Sometimes, it can be frustrating not finding anyone in STEM who looks like you, sounds like you or shares a similar background with you. While this can make you wonder if you’ll succeed in your dream of becoming a chemical engineer or nuclear scientist it shouldn’t. To encourage you, meet four amazing minority scientists who left their mark on the sands of time despite being often times the only different people in the room.

Dr. Ellen Ochoa

Selected by NASA in 1990, Dr. Ellen Ochoa became the first Hispanic female astronaut to travel to space in the year 1993 on the space shuttle Discover. A mission specialist and flight engineer, Dr. Ochoa is a veteran of four space flights, logging more than 950 hours in space. For her accomplishments, Dr. Ochoa has been recognized with NASA’s highest award, the Distinguished Service Medal, and the Presidential Distinguished Rank Award for senior executives in the federal government. She currently serves as the Director of the Johnson Space Center in Houston, Texas.


Dr.Ellen Ochoa

Dr. Mae Jemison

At the age of 31, Dr. Jemison was one of the fifteen candidates selected out of more than 2,000 people for NASA’s astronaut program. Consequently, in September 1992, Jemison served as the science mission specialist on STS-47 Spacelab-J, becoming the first woman of color and African American in space.
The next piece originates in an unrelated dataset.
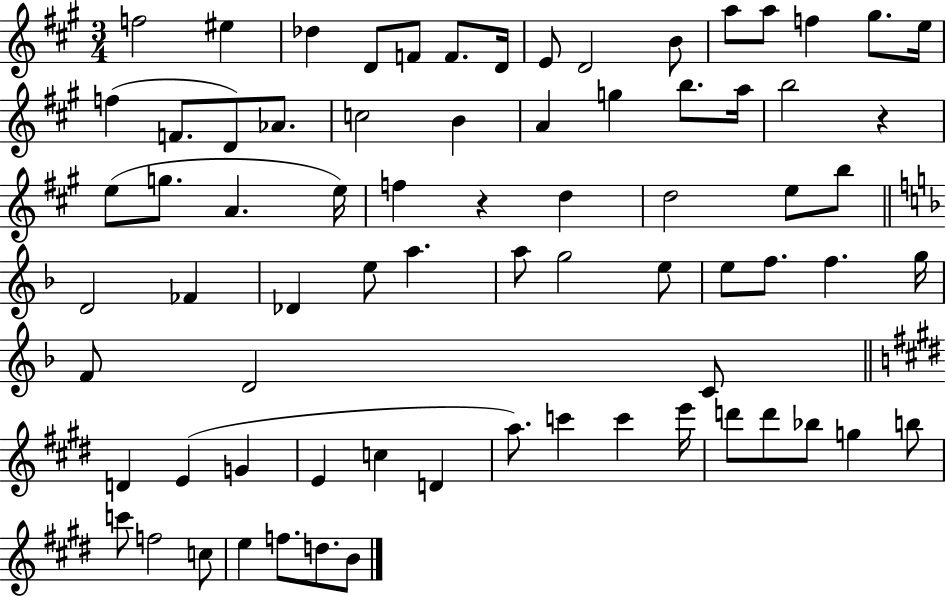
F5/h EIS5/q Db5/q D4/e F4/e F4/e. D4/s E4/e D4/h B4/e A5/e A5/e F5/q G#5/e. E5/s F5/q F4/e. D4/e Ab4/e. C5/h B4/q A4/q G5/q B5/e. A5/s B5/h R/q E5/e G5/e. A4/q. E5/s F5/q R/q D5/q D5/h E5/e B5/e D4/h FES4/q Db4/q E5/e A5/q. A5/e G5/h E5/e E5/e F5/e. F5/q. G5/s F4/e D4/h C4/e D4/q E4/q G4/q E4/q C5/q D4/q A5/e. C6/q C6/q E6/s D6/e D6/e Bb5/e G5/q B5/e C6/e F5/h C5/e E5/q F5/e. D5/e. B4/e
During her eight-day mission in space, Jemison went around the Earth 127 times. At the completion of her first space flight, Jemison logged 190 hours, 30 minutes, and 23 seconds in space. In 1994, Dr. Jemison founded The Earth We Share™( TEWS ), the international science camp for students 12-16 years old.


Dr.Mae Jemison

Lonnie G Johnson

Famous for inventing the Super Soaker Water Gun, Lonnie G Johnson, is an African American inventor and engineer. Joining NASA’s Jet Propulsion Laboratory in California (JPL) he helped to develop thermodynamic and controls systems for space projects, including a power supply mechanism for the Galileo space craft which was in orbit around Jupiter until 2003.
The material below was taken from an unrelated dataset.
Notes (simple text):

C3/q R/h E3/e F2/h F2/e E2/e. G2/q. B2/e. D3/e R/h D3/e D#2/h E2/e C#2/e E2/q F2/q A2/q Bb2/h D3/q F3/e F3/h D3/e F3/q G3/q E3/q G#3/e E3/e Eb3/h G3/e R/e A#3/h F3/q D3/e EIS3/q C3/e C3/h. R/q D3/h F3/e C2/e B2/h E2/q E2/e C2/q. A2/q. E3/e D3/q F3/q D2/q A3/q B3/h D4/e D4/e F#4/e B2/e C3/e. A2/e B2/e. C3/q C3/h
His crowning achievement at JPL was the Johnson Tube, a CFC-free refrigeration system with a hydraulic heat pump, which later earned Johnson his seventh patent in 1988. Lonnie Johnson holds more than 80 patents, has generated over $1 billion in sales from selling SuperSoakers, and won numerous honors for his success in inventing and entrepreneurship. He continues to inspire young people to invent.


Lonnie G Johnson

Mary Golda Ross

Despite her ancestral roots and the fact that her father spoke the Cherokee language, Mary Golda Ross rose to become the first female Native American engineer. Hired as a mathematician by Lockheed Corporation in 1942, she was assigned to work with the engineers who were doing the pioneering research that would launch the space race. With a background in modern engineering, aeronautics and missile and celestial mechanics, Ross worked on the Agena rocket project, and preliminary design concepts for “flyby missions to Venus and Mars.

After retiring in 1973, Ross worked to recruit young women and Native American youth into engineering careers.

Go Win!!

If they can do it, you can too. We hope these phenomenal scientists inspire you to start or continue your career in STEM.